**How to complete this task:**
In the answer, each entry below appears exactly as given, and no picture appears at all.

**The input:**
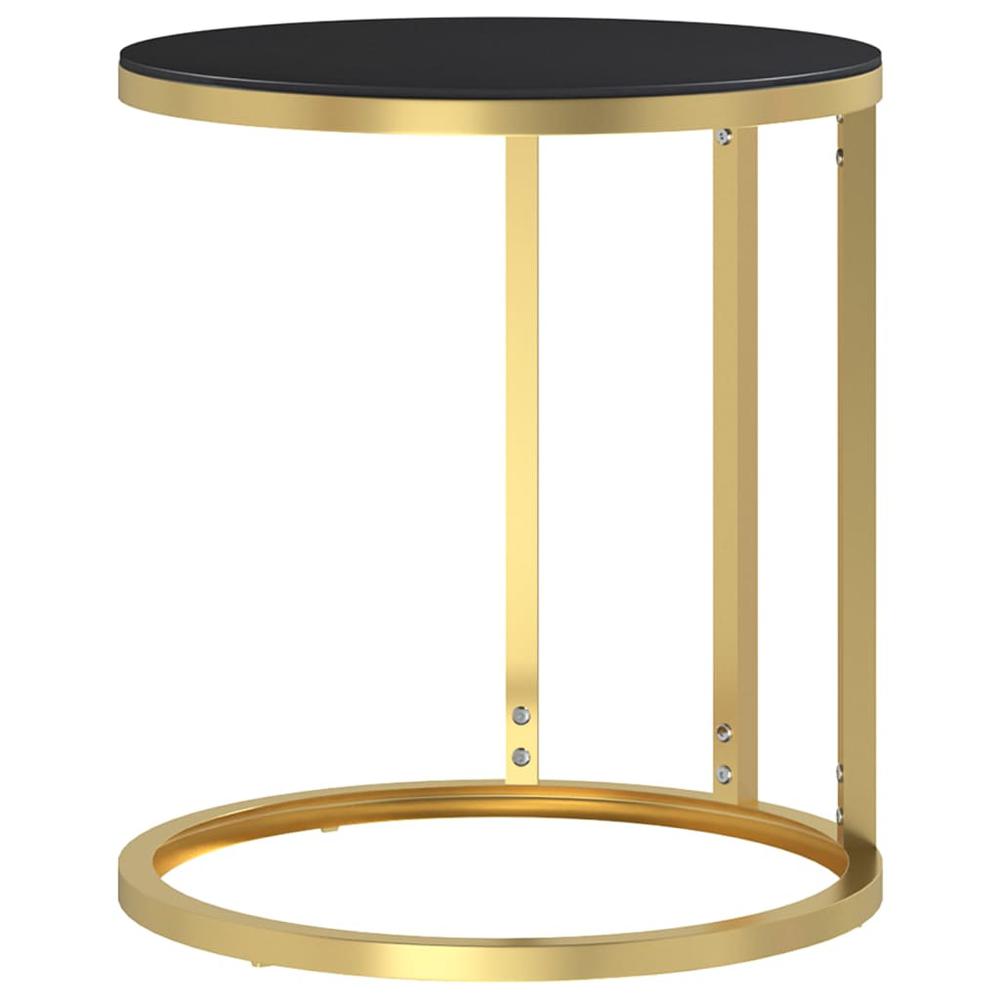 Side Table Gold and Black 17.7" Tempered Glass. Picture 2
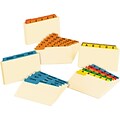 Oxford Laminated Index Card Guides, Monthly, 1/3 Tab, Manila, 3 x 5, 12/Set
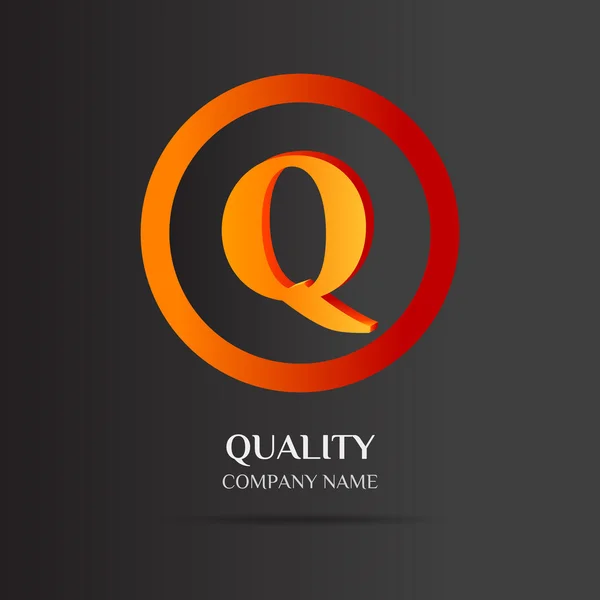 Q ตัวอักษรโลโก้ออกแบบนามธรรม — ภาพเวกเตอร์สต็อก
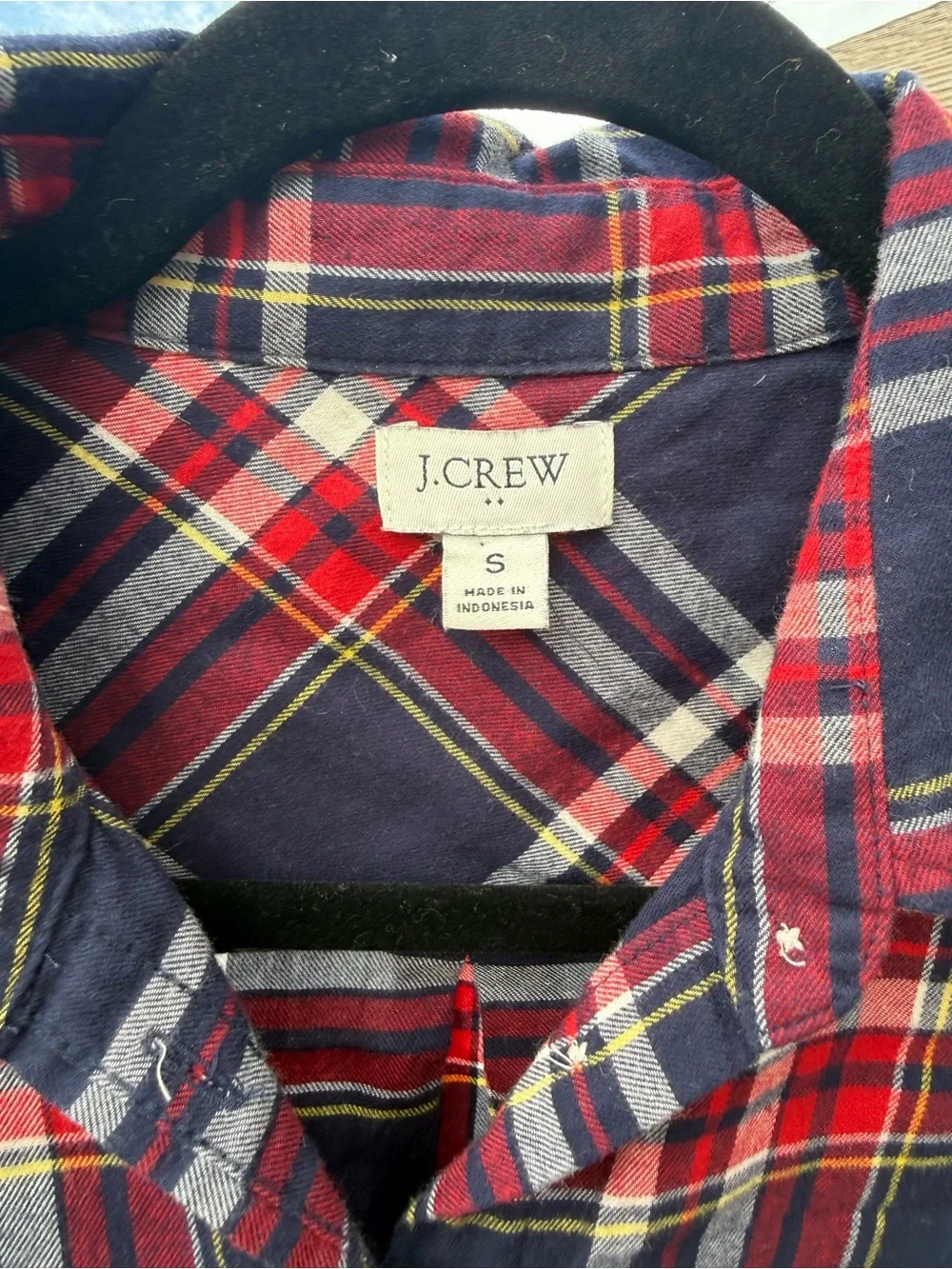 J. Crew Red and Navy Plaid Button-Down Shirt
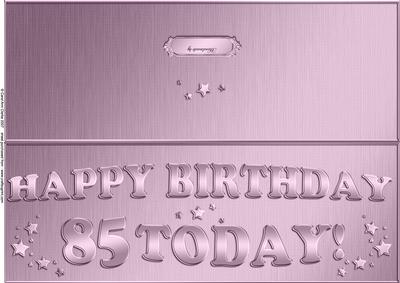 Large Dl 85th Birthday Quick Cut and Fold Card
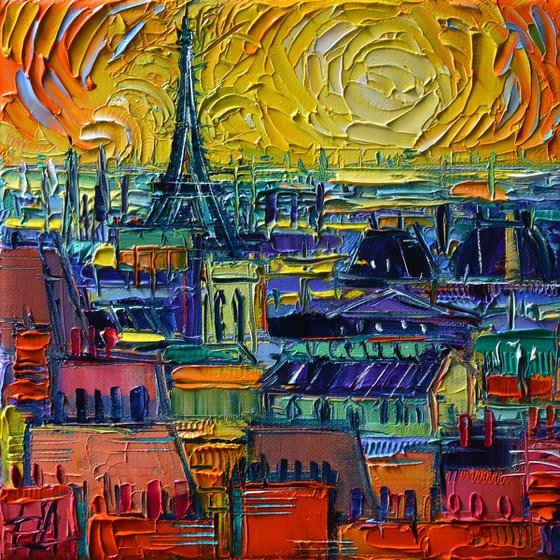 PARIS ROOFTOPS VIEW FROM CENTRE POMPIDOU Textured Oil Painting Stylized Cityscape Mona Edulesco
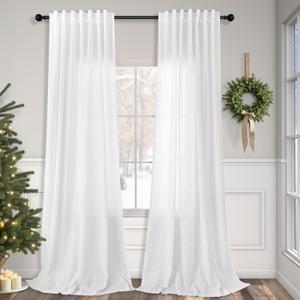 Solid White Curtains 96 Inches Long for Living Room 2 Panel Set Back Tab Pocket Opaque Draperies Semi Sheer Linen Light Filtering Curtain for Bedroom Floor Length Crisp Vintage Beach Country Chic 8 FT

**Response area:**
 Side Table Gold and Black 17.7" Tempered Glass. Picture 2
 Oxford Laminated Index Card Guides, Monthly, 1/3 Tab, Manila, 3 x 5, 12/Set
 Q ตัวอักษรโลโก้ออกแบบนามธรรม — ภาพเวกเตอร์สต็อก
 J. Crew Red and Navy Plaid Button-Down Shirt
 Large Dl 85th Birthday Quick Cut and Fold Card
 PARIS ROOFTOPS VIEW FROM CENTRE POMPIDOU Textured Oil Painting Stylized Cityscape Mona Edulesco
 Solid White Curtains 96 Inches Long for Living Room 2 Panel Set Back Tab Pocket Opaque Draperies Semi Sheer Linen Light Filtering Curtain for Bedroom Floor Length Crisp Vintage Beach Country Chic 8 FT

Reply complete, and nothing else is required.